Immobilienaktien-ETF
Der Invesco Real Estate S&P US Select Sector ETF (WKN: A2ABQ2) hat mit einem Plus von 27,6% in drei Jahren überzeugend performt. Der starke Greenback sorgte für zusätzlichen Rückenwind. Basis­wert des ETF ist der S&P Select Sector Capped 20% Real Estate Index, der den Immobiliensektor des marktbreiten US-Leitindex S&P 500 abbildet. Zu den Top-Holdings zählen die Sendemastenbetreiber American Tower und Crown Castle.

Globales Betongold
Der von Guy Barnard, Tim Gibson und Greg Kuhl gemanagte Janus Henderson Hori­zon Global Property (WKN: A0DPM2) erzielte mit einem Plus von 13,7% ein überdurchschnittliches Ergebnis. Zu den Top-Holdings im Portfolio zählen u.a. die REITs Alexandria Real Estate Equities, das Bürogebäude sowie Laboratorien für Technologie- und Healthcareunternehmen im Bestand hält, und der Freizeitimmobilienkonzern VICI Properties, ein Betrei­ber von Hotels, Golfplätzen und Rennstrecken. Das Besondere an REITs ist, dass diese Immobilienaktien steuerliche Vergüns­tigungen genießen, wenn sie den überwiegenden Teil der Erträge an die Aktio­näre ausschütten. Die Fondsmanager sehen US-REITs aktuell gut aufgestellt, da sie vorsichtig geworden sind und mit 28% einen historischen Tiefstand beim Fremd­kapital­anteil aufweisen. Zum Höhepunkt der Finanz­krise lag dieser bei 65%.

Risse in den Wänden
Das ohnehin bereits schwache Segment der europäischen Immobilienaktienfonds hat der von Romain Bocher und Xavier Gérard gemanagte NN European Real Estate (WKN: 657624) noch einmal unterboten. Auf Sicht von drei Jahren lag der Verlust bei 26,9%. Am höchsten sind im Fonds die deutschen Wohnungsunternehmen Vono­via und LEG IMMOBILIEN gewichtet, deren Kurse sich auf Jahressicht fast halbiert haben.

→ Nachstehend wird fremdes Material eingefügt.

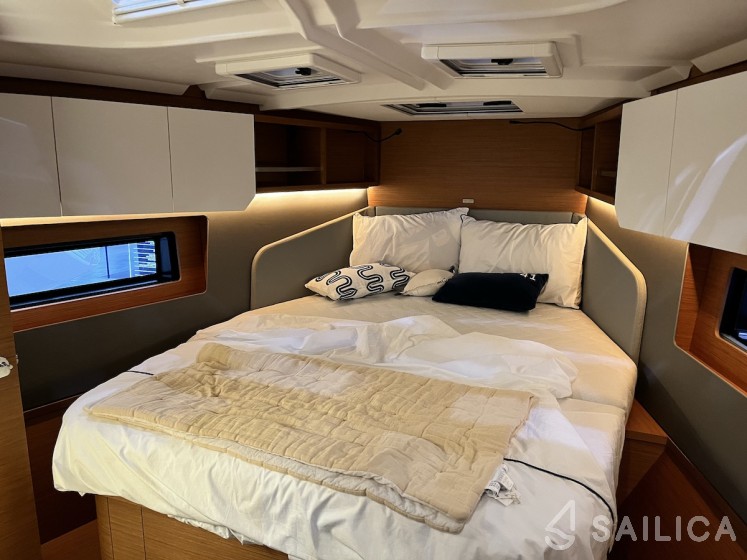 Dufour 41 - Yacht Charter Sailica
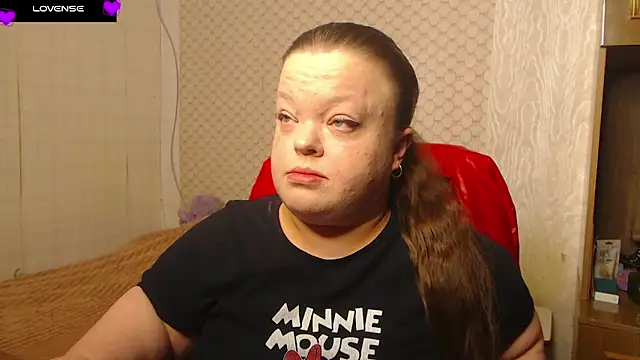 Janiffer MiMi online show from 11-15-25, 03:05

Gegenwind von der Zinsseite in einem Sektor mit hoher Leverage und die Sorge der Immobilienunternehmen, steigende Kosten nicht an Kunden weitergeben zu können, trüben die Perspektive europäischer Immobilienaktien aus Sicht der Fondsmanager ein.

Asien im Blick
Die B&I Capital AG mit Sitz in Zürich verfügt über eine ausgewiesene Expertise in Sachen börsennotierte Immobilienunternehmen. Aus dem Haus kommt u.a. der in Liechtenstein aufgelegte und von Charles Isaac gemanagte B&I Asian Real Estate Securities Fund (WKN: A1CXW5), der sich auf Immobilienaktien im asiatischen Raum konzentriert. Mit einem Minus von 2,6% auf Sicht von drei Jahren konnten Verluste vergleichsweise gut eingedämmt werden. Der Fonds enthält zu 22% Industrieimmobilientitel, gefolgt von Immobilienentwicklern (20%). Mit 44% liegt ein Länderschwerpunkt auf Japan.